In my dream, Bawa asked me to write 10 questions of pressing, personal importance on a sheet of paper and keep them to myself. When I was done writing them in my undecipherable scrawl, I told him I was finished. He then held up a sheet of paper with 10 question written on it that were identical in content and handwriting to my own. Not only that but he had a printed version passed to me to verify the questions. Of course, I was amazed. I asked him, "How did you do that?" He looked at me with disgust. "Isn't this what you wanted as proof of my power?" he asked. I was stymied. I wanted to say no but he was right. Mind-reading was, to me, a legitimate verification of his powers.

"Okay," Bawa continued, "now that I have established my authority with you, pick the one question that you need answered more than any other." I blurted it out just as written on the page: "What do I do after I dispense with God?" Bawa looked at me as sternly as he ever has. "Do you expect me to answer that question?" "Yes," I said, "or give me a clue." "David, stop asking, 'What's next?' and start asking, 'What now?' If God isn't the next thing or the thing that you need, what is?
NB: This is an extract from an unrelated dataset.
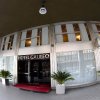 Отель Galileo Hotel в Милане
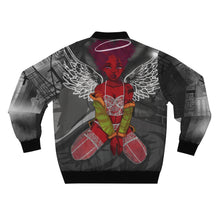 Load image into Gallery viewer, Dante Bomber Jacket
That's the question." When I awoke, with firefly-like flashes of light in the room, I added, "And that's the answer." 

Now you would think after a dream like that I would dance for joy. But atheism is not a joyful practice yet because it demands what Monique calls "acceptance of Nothing and the freedom it brings."  Mo and I watched an interview with director Ingmar Bergman last night during which he said, "I'm done with God. I know there is nothing outside me." Mo nodded yes, but looked as if Bergman was far from making peace with that answer. I knew what she meant. Bergman only wishes it were true, I thought, because such a truth is as final as it is absolute. Or as Mo put it yesterday, "Believing in Nothing takes courage." Until then, keep following the rainbow.